In the dissolution of a standard marriage in Arizona, by contrast, the only question to be determined by the court is whether the marriage is irretrievably broken. Essentially, if one spouse seeks an end to the marriage, whatever the reason or motivation, then the marriage may be irretrievably broken.

When Minors Marry

If the bride and groom are both adults, then they’re on their way to a happy honeymoon. If a bride or groom is a minor, or both are minors, then A.R.S. § 25-102 has additional requirements before a valid marriage can take place:

  • If a person is under age 18, then prior consent from a parent or guardian is necessary.
  • If a person is even younger, under age 16, then both prior consent of a parent or guardian and court approval are necessary. (If the parent’s don’t live together, then consent to the child’s marriage must come from the custodial parent.)

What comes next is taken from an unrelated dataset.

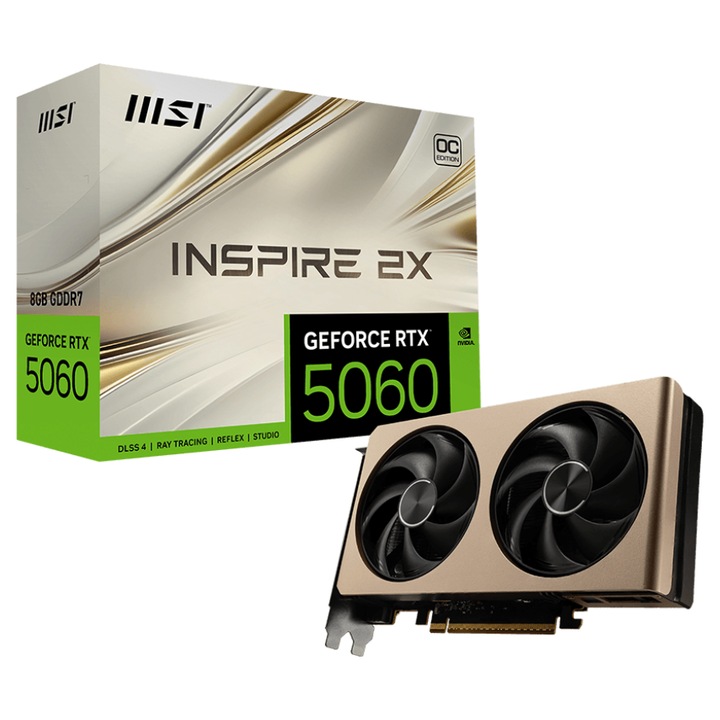 Placa video MSI GeForce RTX 5060 8GB INSPIRE 2X OC GDDR6 128-bit DLSS 4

When a Marriage is Void or Prohibited

There are also void marriages and prohibited marriages in Arizona. A.R.S. § 25-101 places strict limitations on who can and who cannot marry:

  • Marriage is between a man and a woman, regardless of where the marriage took place.
  • There can be no marriages between “parents and children … grandparents and grandchildren… brothers and sisters of the one-half as well as the whole blood… uncles and nieces… aunts and nephews… first cousins.” There is an exception to first cousins marrying, however. If they are at least 65 years old they can marry. First cousins may also marry when one or both are under age 65, and get court approval based on proof that one of them is sterile and incapable of reproducing.

You may be familiar with the phrase “kissing cousins” which describes a romantic relationship between second cousins who were, and still are, permitted to marry each other.

No Common Law Marriages in Arizona

With few exceptions, a marriage that was validly contracted in another state, that complied with that state’s legalities, is also valid in Arizona. A.R.S. § 25-112. There is nothing surprising in that, as married couples move from one state to another every day for a myriad of reasons, such as employment opportunities, affordable housing, closeness to family, educational facilities, and even nicer weather.

The common law marriage is not solemnized or witnessed by someone authorized to perform a marriage and cannot be accomplished here in Arizona. A handful of states do allow common law marriages: Colorado, Utah, Texas, Montana, Kansas, Iowa, Alabama, South Carolina, and Rhode Island. In those common law states, a man and a woman hold themselves out publicly to be husband and wife, without any additional legal formalities — it is not a ceremonial marriage. Although a common law marriage cannot be entered into in Arizona, a lawful marriage entered into in a different state is enforceable here.